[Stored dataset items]
★ ★ ★ ★ ★

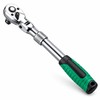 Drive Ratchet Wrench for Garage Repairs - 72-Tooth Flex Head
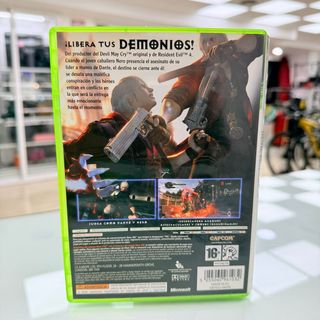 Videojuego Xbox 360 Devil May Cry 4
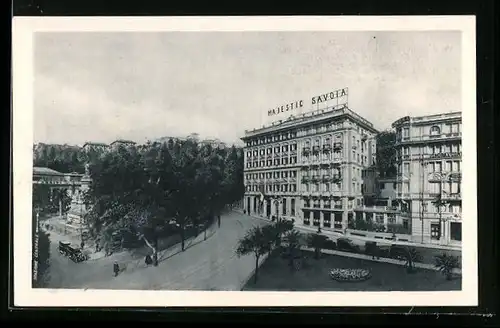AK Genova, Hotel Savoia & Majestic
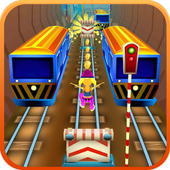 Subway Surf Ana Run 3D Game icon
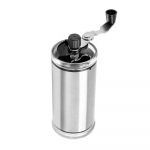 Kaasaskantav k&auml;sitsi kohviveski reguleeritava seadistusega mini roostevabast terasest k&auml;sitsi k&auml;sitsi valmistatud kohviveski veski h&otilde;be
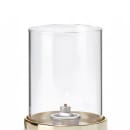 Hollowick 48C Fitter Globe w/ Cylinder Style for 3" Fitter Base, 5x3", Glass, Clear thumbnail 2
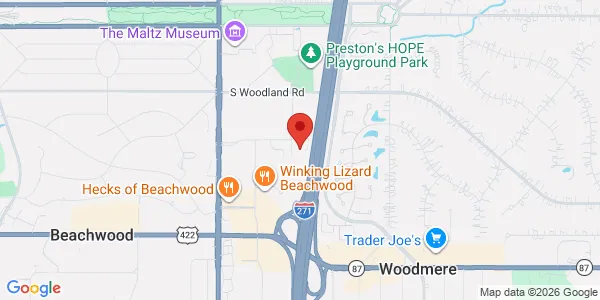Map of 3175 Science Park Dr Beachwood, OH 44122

★ ★ ★ ★ ★

What is needed is every record above printed exactly, with no pictures.

 Drive Ratchet Wrench for Garage Repairs - 72-Tooth Flex Head
 Videojuego Xbox 360 Devil May Cry 4
AK Genova, Hotel Savoia & Majestic
 Subway Surf Ana Run 3D Game icon
 Kaasaskantav k&auml;sitsi kohviveski reguleeritava seadistusega mini roostevabast terasest k&auml;sitsi k&auml;sitsi valmistatud kohviveski veski h&otilde;be
 Hollowick 48C Fitter Globe w/ Cylinder Style for 3" Fitter Base, 5x3", Glass, Clear thumbnail 2
Map of 3175 Science Park Dr Beachwood, OH 44122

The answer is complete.